Adding a node (e.g., Kubernetes scale-up):

  1. New pod starts, discovers cluster via DNS/service discovery
  2. Announces itself in Presence as "joining"
  3. Waits for cluster connection, then starts assigned Raft groups
  4. Marks itself "ready" once all groups have joined
  5. Coordinator node rebalances affected groups (adds new replica)

Removing a node (e.g., rolling deploy):

  1. Presence detects node departure (drain signal or crash)
  2. Coordinator computes which groups lost a replica
  3. Removes dead node from Raft membership (Ra handles leadership transfer)
  4. System continues with 2-node replicas until replacement joins

The coordinator is elected deterministically (lowest node name) to avoid conflicts. Only the coordinator triggers rebalances. Membership changes go through Raft consensus—Ra rejects concurrent changes automatically.

Failure Modes & Guarantees

Single node dies:

  • Raft groups on that node lose 1-of-3 replicas
  • Remaining 2 nodes still have quorum (2-of-2)
  • Writes continue uninterrupted
  • System degraded until new node joins (no fault tolerance)

Network partition (1 vs 2 nodes):

  • Minority side (1 node) cannot achieve quorum
  • Returns :timeout to clients—no silent data loss
  • Majority side (2 nodes) continues serving traffic
  • On heal, minority syncs from majority's log

Split-brain:

  • Impossible by design—Raft quorum prevents dual leaders
  • Partitioned minority steps down immediately (no acks)

Leader election:

  • Automatic on failure (~150ms election timeout)
  • New leader has full replicated log (no data loss)
  • Clients retry failed requests—at-least-once delivery

Process Isolation

FleetLM has no per-session processes. The only long-lived processes are:

  • Raft state machines (256 groups × 3 replicas = ~768 processes cluster-wide)
  • Background flusher (1 per node, streams to Postgres)
  • Topology coordinator (1 per node, monitors cluster changes)

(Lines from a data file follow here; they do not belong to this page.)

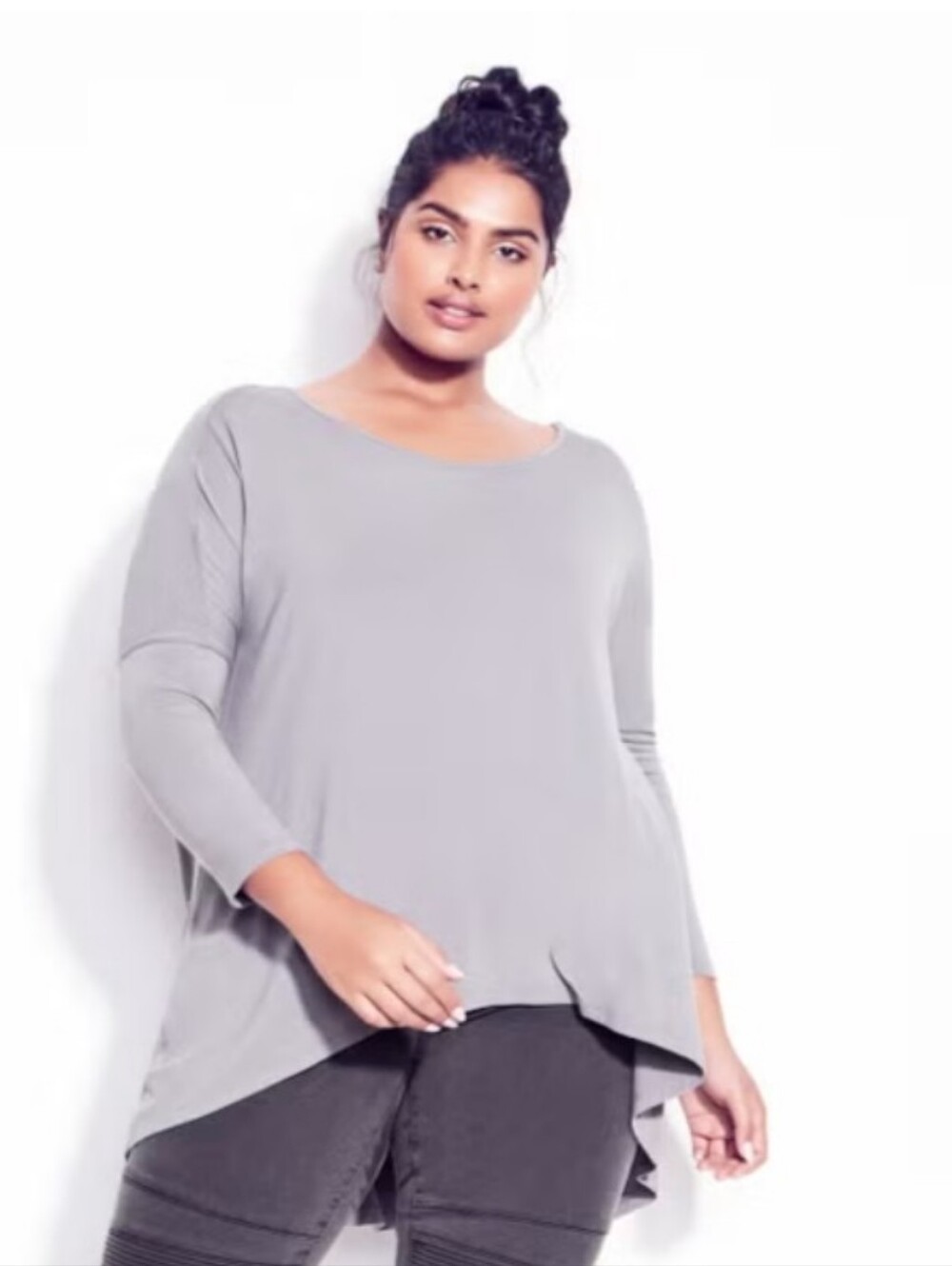 ZIM & ZOE  Gray Asymmetric Tunic Top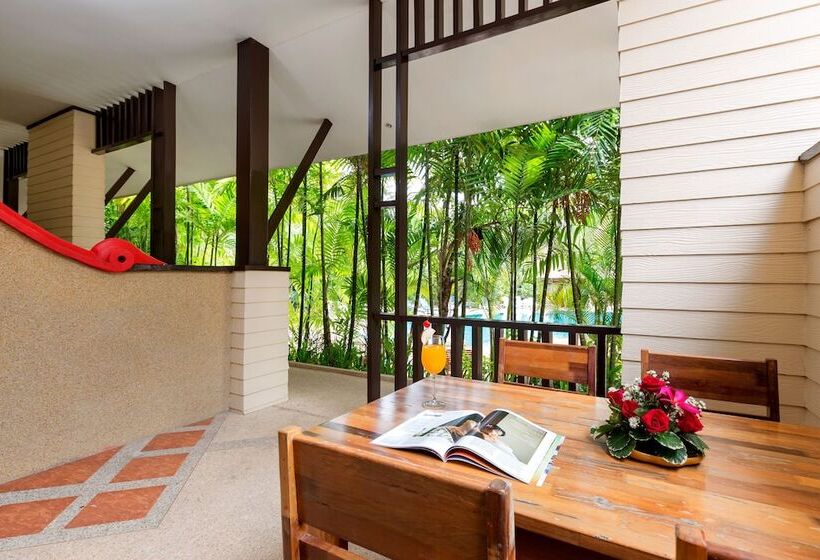 استراحتگاه Ao Nang Timber House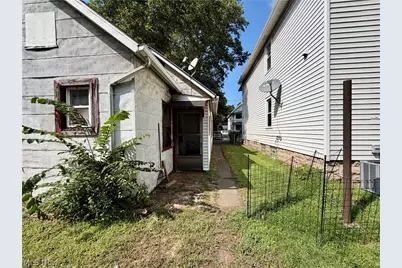 1015-1017 Auburn Avenue, Loveland, OH 44113 - Photo 19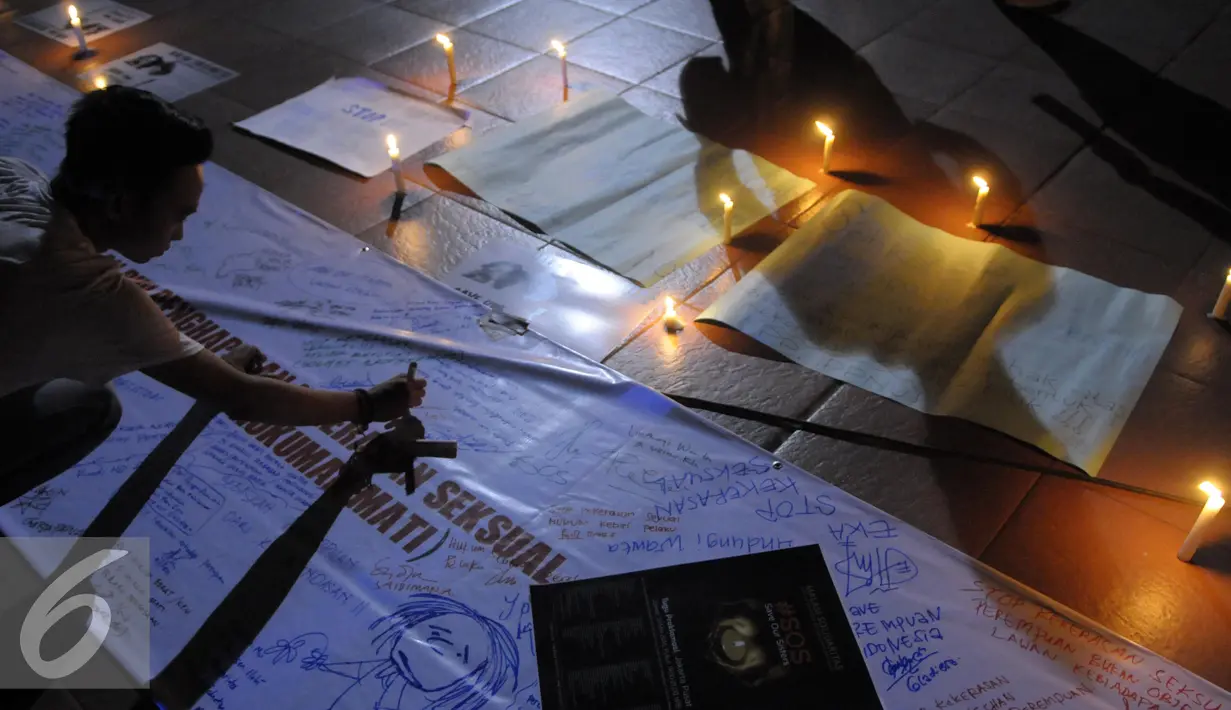 Seorang pria membubuhkan tanda tangannya sebagai bentuk dukungan untuk menghukum pelaku kejahatan seksual dengan hukuman yang berat, Jakarta, Jumat (13/5). (Liputan6.com/Helmi Afandi)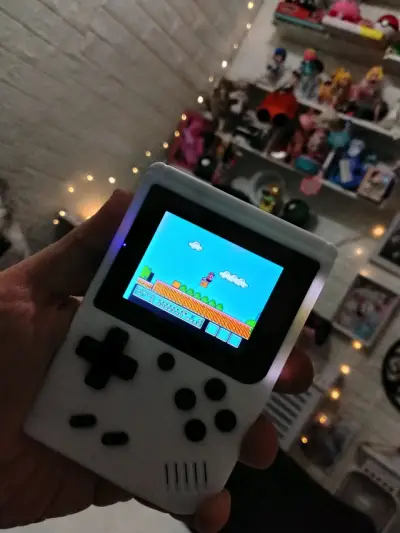 Consola portátil retro con juegos clásicos - miniatura 2
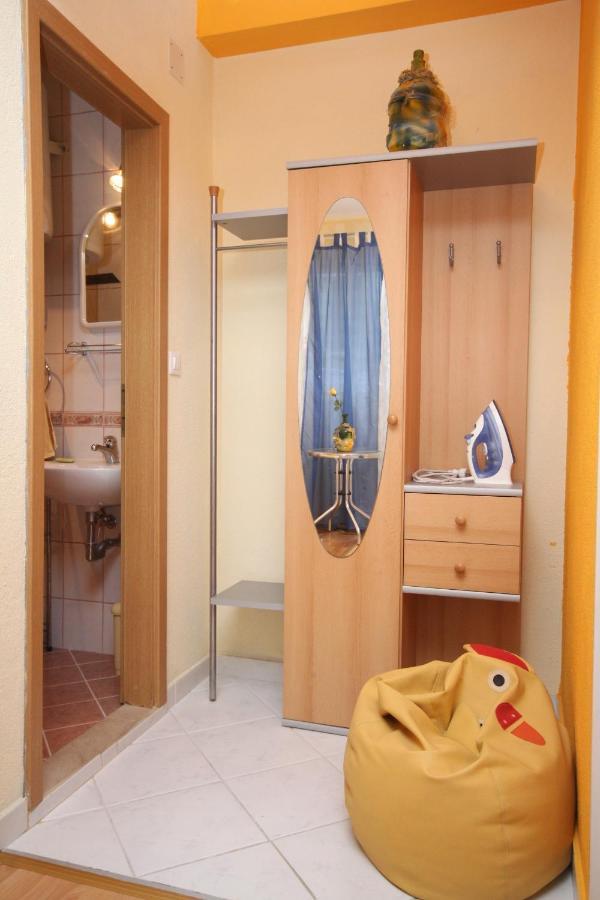 Apartments By The Sea Podgora, Makarska - 6713 Exterior foto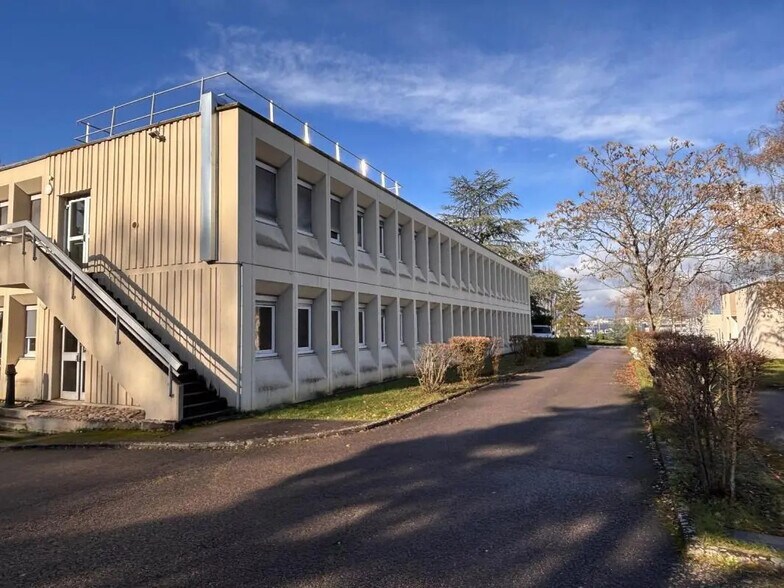 Office in Saint-Apollinaire for sale - Building Photo - Image 2 of 11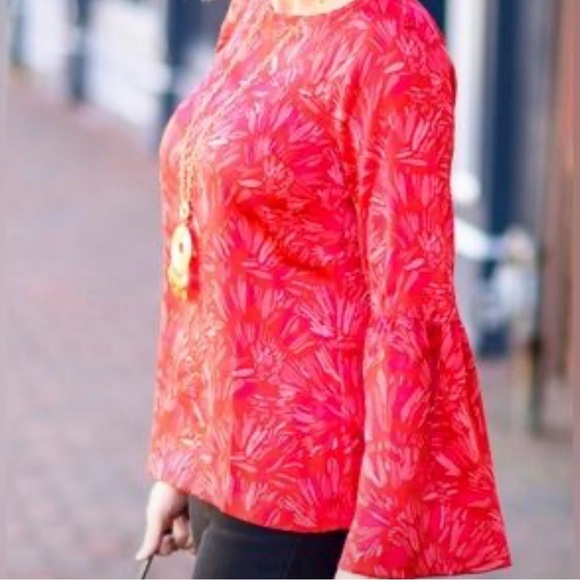 Banana Republic Red Floral Top - Picture 4 of 6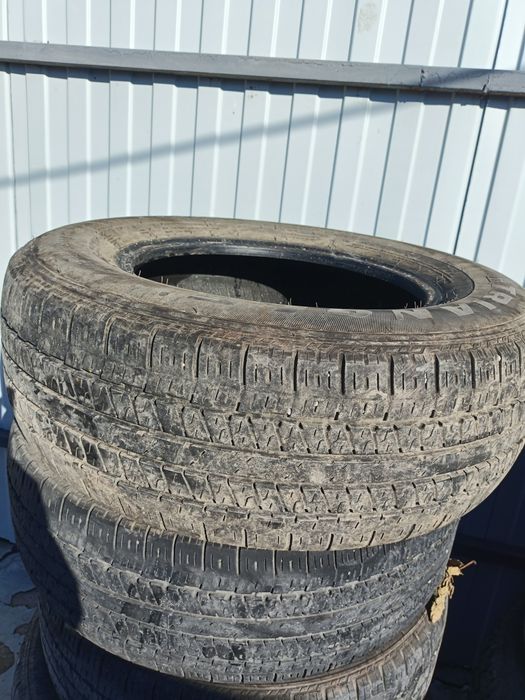 Резина летняя 265/65R17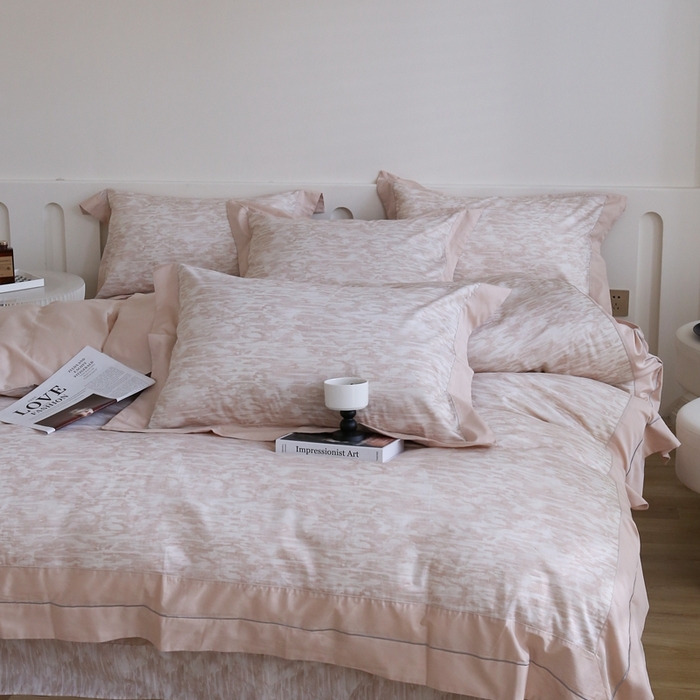 91家纺网 家纺一手货源 找家纺 榻尚家居 2023新款数码印花纯棉贡缎长绒棉拼接款工艺四件套 沙滩金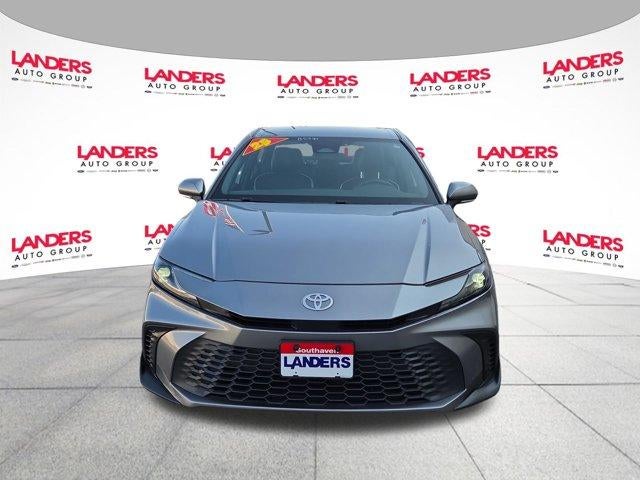 2025 Toyota Camry SE (SE)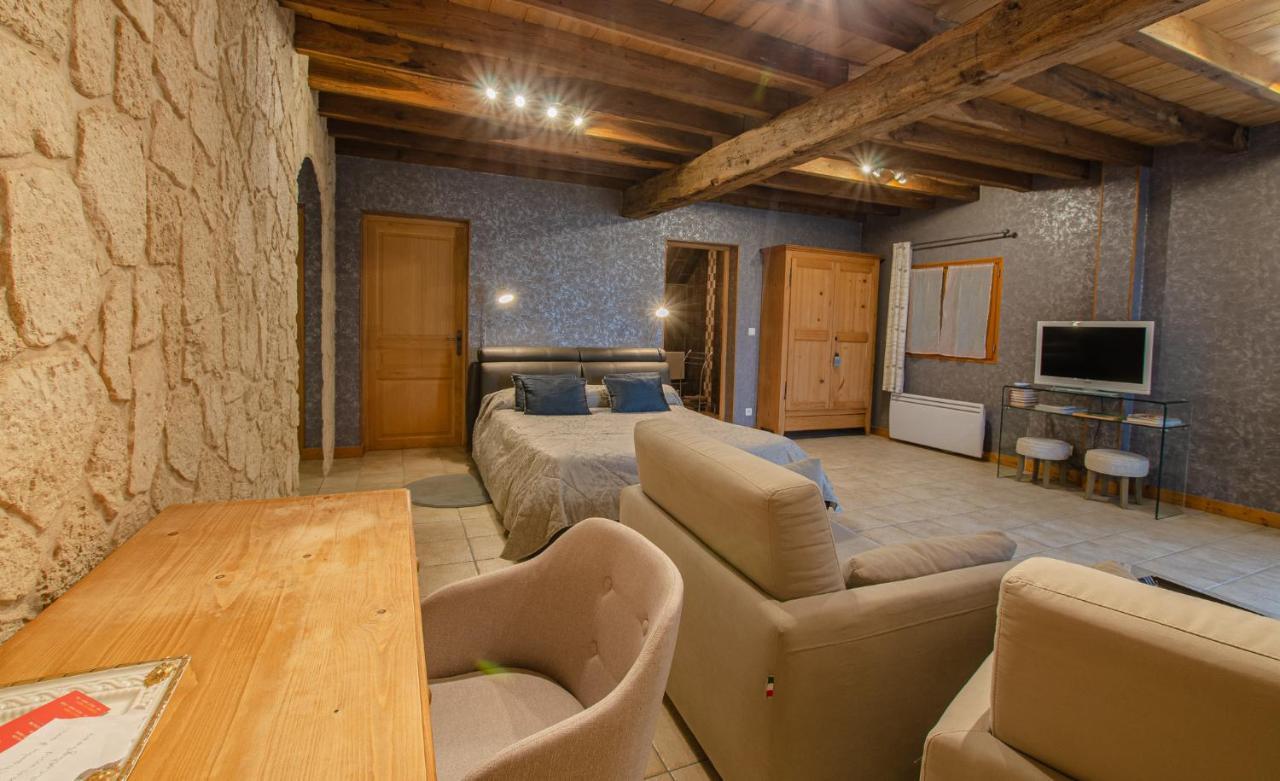La Chambre D'Amis La Costignieres Montgueux Luaran gambar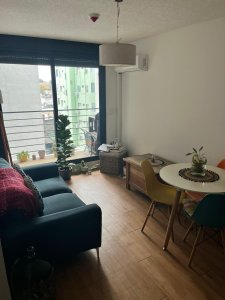 Apartamento en alquiler en La Blanqueada 1 dormitorio, living con terraza, aire acondicionado
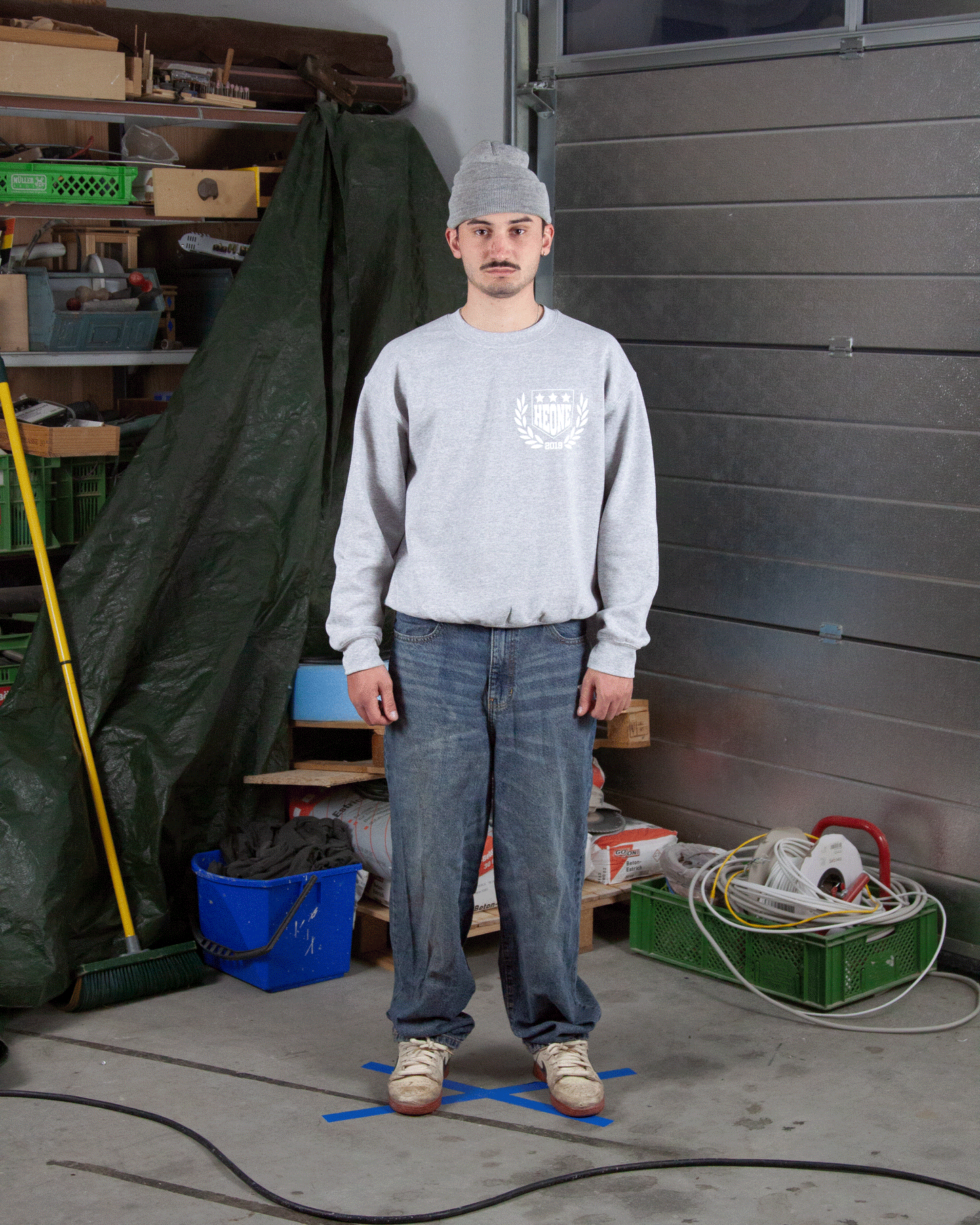 flag sweater grey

Crashes are localized—Ra supervises state machines internally, OTP supervises the rest with :one_for_one strategy. No cascading failures.

Known Bottlenecks & Mitigation

1. Raft Quorum Latency

Bottleneck: Every write replicates to 2-of-3 nodes before acknowledgment. Cross-AZ deployments add 5-20ms network RTT.

Impact:

  • Single-node: p95 = 6ms
  • 3-node localhost: p95 = 14ms (+8ms quorum cost)
  • 3-node cross-AZ: p95 = 30-50ms (network-bound)

Mitigation:

  • Deploy replicas in same AZ (1-3ms RTT) for latency-sensitive workloads
  • 256 groups × 16 lanes provide 4096 parallel write streams for throughput

When this becomes a problem: Cross-region deployments where network latency exceeds 50ms. Deploy regional clusters independently in this scenario.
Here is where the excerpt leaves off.